Os demitidos já entraram na Justiça do Trabalho. Enquanto isso, ensandecidos, a OSB decidiu cumprir o calendário de concertos deste primeiro semestre de 2011 com a OSB Jovem, orquestra formada por bolsistas. É a loucura completa. Parece uma caça às bruxas.

Estranhamente, a OSB informou que não há relação entre a crise com os músicos que rejeitaram a avaliação e a série de audições para seleção de novos músicos que a direção da orquestra promoverá, durante o mês de maio, em Londres, Nova York e no Rio de Janeiro. O objetivo, segundo a fundação, é apenas a de preencher 13 vagas que estão abertas no corpo orquestral da OSB: seis para violino, três para viola e uma para violoncelo, clarineta, trombone e piano. Bem, então também não haverá segundo semestre, correto? Pois saem 41 e entram apenas 13! Muito estranho.

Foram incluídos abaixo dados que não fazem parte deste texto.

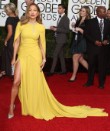 jennifer lopez casper smart golden globes 2016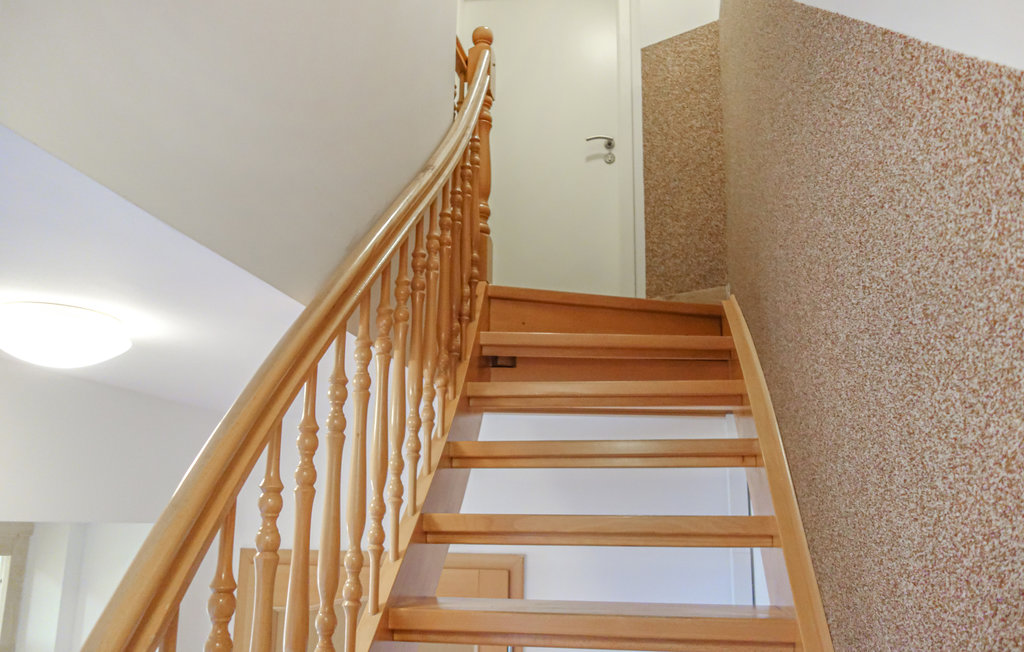 Lejlighed - Loxstedt , Tyskland - DNS266 16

Minczuk segue defendendo que as avaliações serviriam para elevar a orquestra a um padrão internacional. Conseguiu. O assunto está presente em todas as revistas e colunas mais ou menos especializadas do mundo. Não sei se Minczuk está feliz com o gênero de notoriedade alcançada. Mas acho que ele deveria escolher entre permanecer como diretor artístico — cargo que ele deve desprezar mas que lhe dá poder — ou regente. Isso, é claro, após o aval de uma banca de padrão internacional, como ele gosta.

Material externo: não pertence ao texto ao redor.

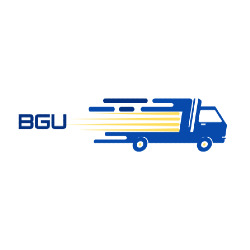 BGU Przeprowadzki Białystok / Transport Mebli / Utylizacja Mebli / Opróżnianie Pomieszczeń
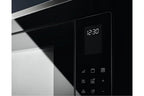 Mikrowelle + Grill Electrolux LMS4253TMX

Afinal, quando um Nelson Freire — calmíssimo, jeitosíssimo, ultramineiro — chuta o pau da barraca, é porque a coisa foi longe demais.

13 comments / Add your comment below

  1. Claro que a esta altura a única atitude digna de toda a diretoria da OSB e sua Fundação seria a renúncia coletiva. Mas como ousariam deixar outros entrarem e encontrarem provas de que desde há muito aquilo tem sido um gigantesco e imoralíssimo cabide?

      1. Milton, cada vez mais eu me convenço de que talento é o que menos importa para um regente. Aqui também tem politicagem, mas no Brasil as proporções passam muito longe do absurdo.

        Eu, por exemplo, conheço um cara que fez sua tese de mestrado em regência e análise na maior universidade do país (não irei citar nomes de pessoas ou instituições aqui) sobre um compositor brasileiro ainda vivo, e mostrou seu texto para um dos grandes professores desta faculdade. O professor disse: “a sua tese é uma das melhores, senão a melhor que eu já li. Só que eu não favoreço a obra desse compositor, então ou você muda o tema ou não será aprovado”. Acredite quem quiser…

  2. Ontem à noite, no telejornal da TV Brasil, alguém da OSB (acho que era o Minczuk) dizia que na cidade que chamaria muita atenção por receber uma copa do mundo e uma olimpíada, era necessário ter uma orquestra que estivesse à altura. Pouquíssimo sei de música erudita e nem posso ter opinião sobre a polêmica da orquestra, mas os critérios para avaliar (tudo – a formação de uma orquestra no longo prazo, uma copa e uma olímpiada, o que se quer para uma cidade) me parecem mais do que discutíveis. O curioso é como a copa serve para todo mundo justificar tudo…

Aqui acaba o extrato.